== The data

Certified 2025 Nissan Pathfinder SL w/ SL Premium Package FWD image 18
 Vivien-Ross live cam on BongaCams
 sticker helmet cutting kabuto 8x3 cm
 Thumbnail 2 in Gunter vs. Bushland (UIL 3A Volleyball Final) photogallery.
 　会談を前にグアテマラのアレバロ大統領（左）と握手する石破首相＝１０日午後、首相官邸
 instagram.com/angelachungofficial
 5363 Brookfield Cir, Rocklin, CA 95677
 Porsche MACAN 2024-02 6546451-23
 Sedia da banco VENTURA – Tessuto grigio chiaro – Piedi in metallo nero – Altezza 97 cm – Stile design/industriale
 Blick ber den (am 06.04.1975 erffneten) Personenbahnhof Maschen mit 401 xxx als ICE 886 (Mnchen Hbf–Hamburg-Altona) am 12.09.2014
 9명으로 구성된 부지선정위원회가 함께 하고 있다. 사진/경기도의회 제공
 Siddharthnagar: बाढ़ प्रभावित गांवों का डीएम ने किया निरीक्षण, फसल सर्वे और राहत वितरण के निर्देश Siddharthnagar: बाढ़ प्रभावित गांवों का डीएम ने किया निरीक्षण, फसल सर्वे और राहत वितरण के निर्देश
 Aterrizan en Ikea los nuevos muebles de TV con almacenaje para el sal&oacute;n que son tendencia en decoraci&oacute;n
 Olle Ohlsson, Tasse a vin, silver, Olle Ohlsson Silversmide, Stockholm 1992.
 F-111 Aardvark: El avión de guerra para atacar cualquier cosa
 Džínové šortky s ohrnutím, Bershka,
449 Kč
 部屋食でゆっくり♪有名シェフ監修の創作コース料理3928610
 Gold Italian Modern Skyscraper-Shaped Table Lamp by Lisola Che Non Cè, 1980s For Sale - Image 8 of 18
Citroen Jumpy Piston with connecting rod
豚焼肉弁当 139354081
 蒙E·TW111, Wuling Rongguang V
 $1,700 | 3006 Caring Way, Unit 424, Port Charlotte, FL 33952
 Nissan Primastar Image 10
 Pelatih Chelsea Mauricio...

====

▶ _Problem to work on_
Restate exactly each line of the data from the one bearing "Blick ber den" to the end, and add nothing.

▶ _Written answer_
 Blick ber den (am 06.04.1975 erffneten) Personenbahnhof Maschen mit 401 xxx als ICE 886 (Mnchen Hbf–Hamburg-Altona) am 12.09.2014
 9명으로 구성된 부지선정위원회가 함께 하고 있다. 사진/경기도의회 제공
 Siddharthnagar: बाढ़ प्रभावित गांवों का डीएम ने किया निरीक्षण, फसल सर्वे और राहत वितरण के निर्देश Siddharthnagar: बाढ़ प्रभावित गांवों का डीएम ने किया निरीक्षण, फसल सर्वे और राहत वितरण के निर्देश
 Aterrizan en Ikea los nuevos muebles de TV con almacenaje para el sal&oacute;n que son tendencia en decoraci&oacute;n
 Olle Ohlsson, Tasse a vin, silver, Olle Ohlsson Silversmide, Stockholm 1992.
 F-111 Aardvark: El avión de guerra para atacar cualquier cosa
 Džínové šortky s ohrnutím, Bershka,
449 Kč
 部屋食でゆっくり♪有名シェフ監修の創作コース料理3928610
 Gold Italian Modern Skyscraper-Shaped Table Lamp by Lisola Che Non Cè, 1980s For Sale - Image 8 of 18
Citroen Jumpy Piston with connecting rod
豚焼肉弁当 139354081
 蒙E·TW111, Wuling Rongguang V
 $1,700 | 3006 Caring Way, Unit 424, Port Charlotte, FL 33952
 Nissan Primastar Image 10
 Pelatih Chelsea Mauricio...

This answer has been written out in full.